==== DATA FOR THE TASK
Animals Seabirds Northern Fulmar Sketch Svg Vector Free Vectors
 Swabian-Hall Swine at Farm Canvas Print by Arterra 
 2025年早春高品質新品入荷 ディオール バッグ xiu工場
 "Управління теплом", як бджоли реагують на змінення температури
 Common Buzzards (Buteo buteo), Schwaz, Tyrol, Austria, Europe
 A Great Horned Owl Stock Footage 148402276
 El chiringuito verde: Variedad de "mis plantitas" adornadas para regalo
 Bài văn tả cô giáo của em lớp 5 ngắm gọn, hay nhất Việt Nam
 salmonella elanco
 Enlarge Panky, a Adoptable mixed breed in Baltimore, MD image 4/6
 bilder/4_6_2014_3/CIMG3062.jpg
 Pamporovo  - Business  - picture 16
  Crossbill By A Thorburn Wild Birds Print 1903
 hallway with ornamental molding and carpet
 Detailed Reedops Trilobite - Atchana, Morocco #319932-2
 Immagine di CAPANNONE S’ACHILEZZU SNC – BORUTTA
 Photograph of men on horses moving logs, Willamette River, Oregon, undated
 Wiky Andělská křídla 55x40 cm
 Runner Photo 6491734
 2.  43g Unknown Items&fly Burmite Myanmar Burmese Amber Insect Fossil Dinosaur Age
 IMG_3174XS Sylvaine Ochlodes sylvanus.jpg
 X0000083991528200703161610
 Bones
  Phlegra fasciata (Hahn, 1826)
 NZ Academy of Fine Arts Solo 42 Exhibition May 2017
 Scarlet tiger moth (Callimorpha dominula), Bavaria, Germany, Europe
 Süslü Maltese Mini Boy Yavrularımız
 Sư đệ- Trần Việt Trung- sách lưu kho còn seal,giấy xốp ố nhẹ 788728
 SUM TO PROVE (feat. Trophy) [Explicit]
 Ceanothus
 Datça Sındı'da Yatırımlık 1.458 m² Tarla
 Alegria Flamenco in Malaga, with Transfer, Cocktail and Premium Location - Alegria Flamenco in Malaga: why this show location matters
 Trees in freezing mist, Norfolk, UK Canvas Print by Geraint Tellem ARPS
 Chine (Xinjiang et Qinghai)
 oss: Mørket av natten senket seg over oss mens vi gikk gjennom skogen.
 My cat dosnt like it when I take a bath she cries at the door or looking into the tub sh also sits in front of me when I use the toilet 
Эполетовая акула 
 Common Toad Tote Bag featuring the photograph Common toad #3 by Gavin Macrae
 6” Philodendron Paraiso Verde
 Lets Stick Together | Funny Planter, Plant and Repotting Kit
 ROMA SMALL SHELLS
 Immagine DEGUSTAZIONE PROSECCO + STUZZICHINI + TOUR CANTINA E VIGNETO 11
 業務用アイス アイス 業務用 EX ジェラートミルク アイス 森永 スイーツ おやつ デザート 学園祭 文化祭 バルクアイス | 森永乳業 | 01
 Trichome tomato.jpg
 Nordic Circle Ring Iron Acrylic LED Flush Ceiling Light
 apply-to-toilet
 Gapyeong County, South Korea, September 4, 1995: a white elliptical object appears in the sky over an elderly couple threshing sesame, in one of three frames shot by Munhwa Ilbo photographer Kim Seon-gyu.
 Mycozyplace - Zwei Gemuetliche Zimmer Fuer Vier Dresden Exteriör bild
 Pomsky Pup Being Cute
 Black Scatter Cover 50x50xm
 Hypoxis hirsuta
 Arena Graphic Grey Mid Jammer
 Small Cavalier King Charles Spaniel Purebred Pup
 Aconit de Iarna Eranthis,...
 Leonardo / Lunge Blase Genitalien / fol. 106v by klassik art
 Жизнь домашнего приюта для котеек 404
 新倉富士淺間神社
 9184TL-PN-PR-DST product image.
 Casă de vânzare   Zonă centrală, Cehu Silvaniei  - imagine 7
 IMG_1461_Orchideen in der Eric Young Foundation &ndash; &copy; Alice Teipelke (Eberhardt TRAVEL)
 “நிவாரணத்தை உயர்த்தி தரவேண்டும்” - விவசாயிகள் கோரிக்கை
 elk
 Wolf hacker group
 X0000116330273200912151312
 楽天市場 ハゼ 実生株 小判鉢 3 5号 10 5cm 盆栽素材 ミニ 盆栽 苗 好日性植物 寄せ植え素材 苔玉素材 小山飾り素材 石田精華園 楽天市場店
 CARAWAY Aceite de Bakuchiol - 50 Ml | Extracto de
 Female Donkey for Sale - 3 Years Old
========
PROBLEM TO WORK ON = The whole listing is needed again, word for word.

REPLY TO THE EXERCISE =
Animals Seabirds Northern Fulmar Sketch Svg Vector Free Vectors
 Swabian-Hall Swine at Farm Canvas Print by Arterra 
 2025年早春高品質新品入荷 ディオール バッグ xiu工場
 "Управління теплом", як бджоли реагують на змінення температури
 Common Buzzards (Buteo buteo), Schwaz, Tyrol, Austria, Europe
 A Great Horned Owl Stock Footage 148402276
 El chiringuito verde: Variedad de "mis plantitas" adornadas para regalo
 Bài văn tả cô giáo của em lớp 5 ngắm gọn, hay nhất Việt Nam
 salmonella elanco
 Enlarge Panky, a Adoptable mixed breed in Baltimore, MD image 4/6
 bilder/4_6_2014_3/CIMG3062.jpg
 Pamporovo  - Business  - picture 16
  Crossbill By A Thorburn Wild Birds Print 1903
 hallway with ornamental molding and carpet
 Detailed Reedops Trilobite - Atchana, Morocco #319932-2
 Immagine di CAPANNONE S’ACHILEZZU SNC – BORUTTA
 Photograph of men on horses moving logs, Willamette River, Oregon, undated
 Wiky Andělská křídla 55x40 cm
 Runner Photo 6491734
 2.  43g Unknown Items&fly Burmite Myanmar Burmese Amber Insect Fossil Dinosaur Age
 IMG_3174XS Sylvaine Ochlodes sylvanus.jpg
 X0000083991528200703161610
 Bones
  Phlegra fasciata (Hahn, 1826)
 NZ Academy of Fine Arts Solo 42 Exhibition May 2017
 Scarlet tiger moth (Callimorpha dominula), Bavaria, Germany, Europe
 Süslü Maltese Mini Boy Yavrularımız
 Sư đệ- Trần Việt Trung- sách lưu kho còn seal,giấy xốp ố nhẹ 788728
 SUM TO PROVE (feat. Trophy) [Explicit]
 Ceanothus
 Datça Sındı'da Yatırımlık 1.458 m² Tarla
 Alegria Flamenco in Malaga, with Transfer, Cocktail and Premium Location - Alegria Flamenco in Malaga: why this show location matters
 Trees in freezing mist, Norfolk, UK Canvas Print by Geraint Tellem ARPS
 Chine (Xinjiang et Qinghai)
 oss: Mørket av natten senket seg over oss mens vi gikk gjennom skogen.
 My cat dosnt like it when I take a bath she cries at the door or looking into the tub sh also sits in front of me when I use the toilet 
Эполетовая акула 
 Common Toad Tote Bag featuring the photograph Common toad #3 by Gavin Macrae
 6” Philodendron Paraiso Verde
 Lets Stick Together | Funny Planter, Plant and Repotting Kit
 ROMA SMALL SHELLS
 Immagine DEGUSTAZIONE PROSECCO + STUZZICHINI + TOUR CANTINA E VIGNETO 11
 業務用アイス アイス 業務用 EX ジェラートミルク アイス 森永 スイーツ おやつ デザート 学園祭 文化祭 バルクアイス | 森永乳業 | 01
 Trichome tomato.jpg
 Nordic Circle Ring Iron Acrylic LED Flush Ceiling Light
 apply-to-toilet
 Gapyeong County, South Korea, September 4, 1995: a white elliptical object appears in the sky over an elderly couple threshing sesame, in one of three frames shot by Munhwa Ilbo photographer Kim Seon-gyu.
 Mycozyplace - Zwei Gemuetliche Zimmer Fuer Vier Dresden Exteriör bild
 Pomsky Pup Being Cute
 Black Scatter Cover 50x50xm
 Hypoxis hirsuta
 Arena Graphic Grey Mid Jammer
 Small Cavalier King Charles Spaniel Purebred Pup
 Aconit de Iarna Eranthis,...
 Leonardo / Lunge Blase Genitalien / fol. 106v by klassik art
 Жизнь домашнего приюта для котеек 404
 新倉富士淺間神社
 9184TL-PN-PR-DST product image.
 Casă de vânzare   Zonă centrală, Cehu Silvaniei  - imagine 7
 IMG_1461_Orchideen in der Eric Young Foundation &ndash; &copy; Alice Teipelke (Eberhardt TRAVEL)
 “நிவாரணத்தை உயர்த்தி தரவேண்டும்” - விவசாயிகள் கோரிக்கை
 elk
 Wolf hacker group
 X0000116330273200912151312
 楽天市場 ハゼ 実生株 小判鉢 3 5号 10 5cm 盆栽素材 ミニ 盆栽 苗 好日性植物 寄せ植え素材 苔玉素材 小山飾り素材 石田精華園 楽天市場店
 CARAWAY Aceite de Bakuchiol - 50 Ml | Extracto de
 Female Donkey for Sale - 3 Years Old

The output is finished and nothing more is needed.